IN RE: Alan Sajid

Reset A A Font size: Print

Supreme Court, Appellate Division, Second Department, New York.

IN RE: Alan Sajid, appellant, v Joann Berrios-Sajid, respondent.

2009-01358 (Docket No. V-2481-08)

Decided: May 25, 2010

WILLIAM F. MASTRO, J.P. FRED T. SANTUCCI CHERYL E. CHAMBERS SHERI S. ROMAN, JJ. Meth Law Offices, P.C., Chester, N.Y. (Michael D. Meth of counsel), for appellant. Joseph J. Artrip, New Windsor, N.Y., for respondent.

Argued-May 7, 2010


Gary E. Eisenberg, New City, N.Y., attorney for the children.

In a child custody proceeding pursuant to Family Court Act article 6, the father appeals, as limited by his brief, from so much of an order of the Family Court, Orange County (Woods, J.), entered December 12, 2008, as, after a hearing, awarded the parties joint custody of the two subject children, with physical custody to the mother.

ORDERED that the order is affirmed insofar as appealed from, without costs or disbursements.

There is “no prima facie right to the custody of the child in either parent” (Domestic Relations Law §§ 70[a], 240[1][a];  see Friederwitzer v. Friederwitzer, 55 N.Y.2d 89).   The essential consideration in any custody controversy is the best interests of the child (see Eschbach v. Eschbach, 56 N.Y.2d 167, 171;  Matter of Dwyer-Hayde v. Forcier, 67 AD3d 1011, 1011).   “Factors to be considered in determining the child's best interests include the quality of the home environment and the parental guidance the custodial parent provides for the child, the ability of each parent to provide for the child's emotional and intellectual development, the financial status and ability of each parent to provide for the child, the relative fitness of the respective parents, and the effect an award of custody to one parent might have on the child's relationship with the other parent” (Matter of Elliott v. Felder, 69 AD3d 623, 623;  see Matter of Vann v. Vann, 14 AD3d 710;  cf.  Matter of Holle v. Holle, 55 AD3d 991).

“[T]he existence or absence of any one factor cannot be determinative on appellate review since the court is to consider the totality of the circumstances” (Eschbach v. Eschbach, 56 N.Y.2d at 174;  see Bourne v. Bristow, 66 AD3d 621).  “Custody determinations depend to a very great extent upon the hearing court's assessment of the credibility of the witnesses and of the character, temperament, and sincerity of the parties.   Thus, where a hearing court has conducted a complete evidentiary hearing, its finding must be accorded great weight, and its grant of custody will not be disturbed unless it lacks a sound and substantial basis in the record” (Matter of Dwyer-Hayde v. Forcier, 67 AD3d at 1011 [internal quotation marks omitted];  see Matter of Rudolph v. Armstead, 61 AD3d 979).

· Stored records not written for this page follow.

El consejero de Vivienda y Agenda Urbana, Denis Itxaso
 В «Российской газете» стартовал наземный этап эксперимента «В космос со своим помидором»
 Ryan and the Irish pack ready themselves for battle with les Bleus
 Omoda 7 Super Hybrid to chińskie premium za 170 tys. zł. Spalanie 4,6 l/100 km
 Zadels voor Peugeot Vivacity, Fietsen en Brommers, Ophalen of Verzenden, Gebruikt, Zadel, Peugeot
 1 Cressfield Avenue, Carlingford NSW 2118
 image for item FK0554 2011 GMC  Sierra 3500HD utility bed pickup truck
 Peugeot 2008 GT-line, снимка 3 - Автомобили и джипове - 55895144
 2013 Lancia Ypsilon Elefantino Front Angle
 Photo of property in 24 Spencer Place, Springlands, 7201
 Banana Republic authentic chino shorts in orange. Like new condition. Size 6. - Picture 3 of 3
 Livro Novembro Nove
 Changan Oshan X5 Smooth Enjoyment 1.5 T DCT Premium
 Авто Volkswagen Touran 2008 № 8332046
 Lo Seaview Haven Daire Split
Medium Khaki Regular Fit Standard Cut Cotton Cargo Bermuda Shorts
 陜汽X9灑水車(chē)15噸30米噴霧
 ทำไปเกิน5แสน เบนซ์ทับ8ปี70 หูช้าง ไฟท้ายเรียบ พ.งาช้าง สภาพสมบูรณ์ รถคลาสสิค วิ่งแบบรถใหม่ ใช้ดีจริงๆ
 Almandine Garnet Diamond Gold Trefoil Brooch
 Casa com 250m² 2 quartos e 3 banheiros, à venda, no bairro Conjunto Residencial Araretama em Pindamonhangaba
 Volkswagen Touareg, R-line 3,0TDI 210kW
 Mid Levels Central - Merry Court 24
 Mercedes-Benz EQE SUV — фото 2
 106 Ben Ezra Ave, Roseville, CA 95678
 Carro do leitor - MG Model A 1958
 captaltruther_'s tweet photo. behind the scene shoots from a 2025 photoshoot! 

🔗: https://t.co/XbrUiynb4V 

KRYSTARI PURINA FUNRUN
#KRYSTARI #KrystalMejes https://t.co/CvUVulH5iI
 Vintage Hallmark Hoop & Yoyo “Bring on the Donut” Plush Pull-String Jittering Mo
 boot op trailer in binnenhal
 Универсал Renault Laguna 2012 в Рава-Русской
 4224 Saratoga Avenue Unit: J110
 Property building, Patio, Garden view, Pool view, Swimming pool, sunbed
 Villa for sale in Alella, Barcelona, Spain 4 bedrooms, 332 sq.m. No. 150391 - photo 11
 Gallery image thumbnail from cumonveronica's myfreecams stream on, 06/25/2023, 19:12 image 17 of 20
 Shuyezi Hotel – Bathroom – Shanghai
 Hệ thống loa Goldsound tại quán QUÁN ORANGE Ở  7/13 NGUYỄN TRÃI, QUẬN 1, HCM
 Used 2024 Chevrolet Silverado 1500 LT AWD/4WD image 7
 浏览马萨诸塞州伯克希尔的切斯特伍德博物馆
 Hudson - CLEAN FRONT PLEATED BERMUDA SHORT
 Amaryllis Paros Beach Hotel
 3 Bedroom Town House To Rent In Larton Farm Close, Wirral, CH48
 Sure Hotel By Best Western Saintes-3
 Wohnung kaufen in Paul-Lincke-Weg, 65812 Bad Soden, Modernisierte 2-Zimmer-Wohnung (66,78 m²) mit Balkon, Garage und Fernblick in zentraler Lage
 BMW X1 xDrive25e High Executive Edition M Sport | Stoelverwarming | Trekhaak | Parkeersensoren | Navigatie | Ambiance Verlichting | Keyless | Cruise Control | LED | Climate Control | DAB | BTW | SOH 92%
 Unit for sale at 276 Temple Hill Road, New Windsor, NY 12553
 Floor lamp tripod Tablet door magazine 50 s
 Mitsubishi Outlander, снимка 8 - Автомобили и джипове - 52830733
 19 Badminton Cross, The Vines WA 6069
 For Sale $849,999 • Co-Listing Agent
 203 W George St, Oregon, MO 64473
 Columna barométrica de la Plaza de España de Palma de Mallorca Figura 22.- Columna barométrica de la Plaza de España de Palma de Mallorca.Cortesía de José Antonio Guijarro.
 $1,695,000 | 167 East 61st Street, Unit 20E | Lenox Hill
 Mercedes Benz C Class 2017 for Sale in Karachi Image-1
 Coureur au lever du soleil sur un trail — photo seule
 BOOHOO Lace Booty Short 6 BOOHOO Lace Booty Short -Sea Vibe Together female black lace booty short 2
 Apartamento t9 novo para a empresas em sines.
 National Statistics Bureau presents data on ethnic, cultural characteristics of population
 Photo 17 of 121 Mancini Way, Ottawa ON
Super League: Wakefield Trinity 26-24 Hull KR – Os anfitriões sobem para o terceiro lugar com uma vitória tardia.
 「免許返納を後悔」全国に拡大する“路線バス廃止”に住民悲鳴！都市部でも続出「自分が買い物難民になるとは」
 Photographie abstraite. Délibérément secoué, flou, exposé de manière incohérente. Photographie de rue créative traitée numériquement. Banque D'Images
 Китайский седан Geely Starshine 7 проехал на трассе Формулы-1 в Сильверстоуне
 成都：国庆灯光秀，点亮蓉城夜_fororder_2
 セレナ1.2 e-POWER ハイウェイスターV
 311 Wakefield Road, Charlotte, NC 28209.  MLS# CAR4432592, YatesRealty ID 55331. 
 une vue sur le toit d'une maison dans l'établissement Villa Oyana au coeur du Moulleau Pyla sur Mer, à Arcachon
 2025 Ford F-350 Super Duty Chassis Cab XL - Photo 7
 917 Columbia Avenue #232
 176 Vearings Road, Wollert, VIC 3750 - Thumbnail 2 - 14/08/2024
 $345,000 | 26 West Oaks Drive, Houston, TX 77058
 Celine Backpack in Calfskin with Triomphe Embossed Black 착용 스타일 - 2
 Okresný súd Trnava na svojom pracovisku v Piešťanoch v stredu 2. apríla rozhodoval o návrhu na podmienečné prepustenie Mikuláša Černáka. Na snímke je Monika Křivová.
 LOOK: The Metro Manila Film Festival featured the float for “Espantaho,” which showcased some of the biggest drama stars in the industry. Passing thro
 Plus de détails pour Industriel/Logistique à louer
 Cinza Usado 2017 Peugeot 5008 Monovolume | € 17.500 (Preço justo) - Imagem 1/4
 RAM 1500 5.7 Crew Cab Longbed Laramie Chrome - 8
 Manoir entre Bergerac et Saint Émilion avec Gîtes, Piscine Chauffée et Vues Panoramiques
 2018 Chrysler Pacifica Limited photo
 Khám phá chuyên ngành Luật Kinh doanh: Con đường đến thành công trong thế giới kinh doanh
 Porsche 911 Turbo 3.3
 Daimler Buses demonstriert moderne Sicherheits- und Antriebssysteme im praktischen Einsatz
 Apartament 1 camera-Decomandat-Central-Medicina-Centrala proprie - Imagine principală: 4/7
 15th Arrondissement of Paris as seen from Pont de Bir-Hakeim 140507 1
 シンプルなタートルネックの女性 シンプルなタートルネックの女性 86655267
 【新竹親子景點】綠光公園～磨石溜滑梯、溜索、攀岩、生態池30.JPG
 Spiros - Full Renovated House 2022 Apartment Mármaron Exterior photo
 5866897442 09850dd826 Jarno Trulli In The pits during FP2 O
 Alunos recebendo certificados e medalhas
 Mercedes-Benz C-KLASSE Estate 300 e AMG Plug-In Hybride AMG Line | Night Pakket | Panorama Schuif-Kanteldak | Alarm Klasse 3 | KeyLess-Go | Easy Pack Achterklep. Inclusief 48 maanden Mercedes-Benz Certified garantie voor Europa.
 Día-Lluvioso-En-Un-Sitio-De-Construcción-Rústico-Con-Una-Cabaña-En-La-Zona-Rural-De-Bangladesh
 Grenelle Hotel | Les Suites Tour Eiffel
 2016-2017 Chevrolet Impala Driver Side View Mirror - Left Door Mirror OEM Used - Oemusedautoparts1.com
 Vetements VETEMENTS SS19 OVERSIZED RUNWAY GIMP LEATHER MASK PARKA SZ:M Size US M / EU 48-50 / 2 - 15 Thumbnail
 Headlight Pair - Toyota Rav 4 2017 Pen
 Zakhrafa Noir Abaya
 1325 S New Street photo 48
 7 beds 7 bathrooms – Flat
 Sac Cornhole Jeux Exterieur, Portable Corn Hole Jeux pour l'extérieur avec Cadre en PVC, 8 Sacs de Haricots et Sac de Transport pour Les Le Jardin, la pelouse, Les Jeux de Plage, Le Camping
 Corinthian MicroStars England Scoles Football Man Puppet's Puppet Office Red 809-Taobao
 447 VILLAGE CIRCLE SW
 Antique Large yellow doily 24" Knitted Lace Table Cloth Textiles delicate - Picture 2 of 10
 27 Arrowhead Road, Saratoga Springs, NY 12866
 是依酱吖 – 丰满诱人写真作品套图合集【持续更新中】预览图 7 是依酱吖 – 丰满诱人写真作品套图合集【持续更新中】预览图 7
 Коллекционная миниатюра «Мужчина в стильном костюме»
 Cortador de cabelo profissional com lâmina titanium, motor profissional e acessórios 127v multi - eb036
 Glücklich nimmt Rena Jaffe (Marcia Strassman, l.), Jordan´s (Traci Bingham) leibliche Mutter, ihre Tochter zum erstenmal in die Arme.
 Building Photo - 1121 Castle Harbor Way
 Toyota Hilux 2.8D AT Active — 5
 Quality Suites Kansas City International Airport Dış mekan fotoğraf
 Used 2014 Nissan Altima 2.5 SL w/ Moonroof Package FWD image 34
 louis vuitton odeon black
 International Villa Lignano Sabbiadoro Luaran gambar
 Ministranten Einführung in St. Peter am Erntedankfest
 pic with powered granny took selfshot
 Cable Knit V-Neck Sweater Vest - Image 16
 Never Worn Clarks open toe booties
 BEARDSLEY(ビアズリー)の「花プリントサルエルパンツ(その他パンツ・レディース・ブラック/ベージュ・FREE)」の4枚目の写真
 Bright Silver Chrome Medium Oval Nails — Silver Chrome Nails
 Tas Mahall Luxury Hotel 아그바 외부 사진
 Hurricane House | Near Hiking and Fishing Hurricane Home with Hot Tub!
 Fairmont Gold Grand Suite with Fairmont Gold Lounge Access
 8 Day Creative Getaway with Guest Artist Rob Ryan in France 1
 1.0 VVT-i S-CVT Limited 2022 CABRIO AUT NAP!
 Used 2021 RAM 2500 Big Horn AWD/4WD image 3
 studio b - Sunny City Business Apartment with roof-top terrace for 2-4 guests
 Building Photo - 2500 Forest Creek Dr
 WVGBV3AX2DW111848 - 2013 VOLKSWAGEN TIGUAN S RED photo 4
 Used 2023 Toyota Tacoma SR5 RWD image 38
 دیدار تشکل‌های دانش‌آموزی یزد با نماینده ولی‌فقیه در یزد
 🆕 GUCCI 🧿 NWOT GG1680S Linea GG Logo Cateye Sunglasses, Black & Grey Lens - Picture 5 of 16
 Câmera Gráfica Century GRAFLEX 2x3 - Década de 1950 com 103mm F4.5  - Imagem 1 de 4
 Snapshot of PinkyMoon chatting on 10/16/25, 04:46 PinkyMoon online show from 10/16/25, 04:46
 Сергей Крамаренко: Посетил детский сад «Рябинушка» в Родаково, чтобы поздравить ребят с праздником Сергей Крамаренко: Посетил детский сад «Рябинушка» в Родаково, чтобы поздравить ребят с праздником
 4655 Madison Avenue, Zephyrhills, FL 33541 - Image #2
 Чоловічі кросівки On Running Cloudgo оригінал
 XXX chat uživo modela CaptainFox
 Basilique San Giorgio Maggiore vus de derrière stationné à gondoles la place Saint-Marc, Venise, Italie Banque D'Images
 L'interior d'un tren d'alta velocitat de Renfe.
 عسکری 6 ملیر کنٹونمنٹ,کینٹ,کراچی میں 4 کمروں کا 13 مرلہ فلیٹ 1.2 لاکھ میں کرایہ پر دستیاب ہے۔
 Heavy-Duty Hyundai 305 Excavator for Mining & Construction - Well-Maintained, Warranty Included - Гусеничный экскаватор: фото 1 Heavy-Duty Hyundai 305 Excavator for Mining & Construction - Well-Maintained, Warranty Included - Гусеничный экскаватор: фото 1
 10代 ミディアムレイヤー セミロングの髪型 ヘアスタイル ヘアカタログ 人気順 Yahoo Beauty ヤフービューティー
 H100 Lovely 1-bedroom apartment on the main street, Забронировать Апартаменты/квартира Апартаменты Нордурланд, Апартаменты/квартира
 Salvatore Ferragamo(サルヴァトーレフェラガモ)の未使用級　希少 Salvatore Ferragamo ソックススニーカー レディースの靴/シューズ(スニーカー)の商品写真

Here, the Family Court conducted a full hearing in which it observed the demeanor and heard the testimony of the parties and a court-appointed expert, and interviewed the children in camera.   Based on our review of the record, the Family Court weighed the appropriate factors and properly awarded joint legal custody of the two subject children, with physical custody to the mother (see Matter of Dwyer-Hayde v. Forcier, 67 AD3d 1011;  Matter of Vann v. Vann, 14 AD3d 710;  Cohen v. Merems, 2 AD3d 663).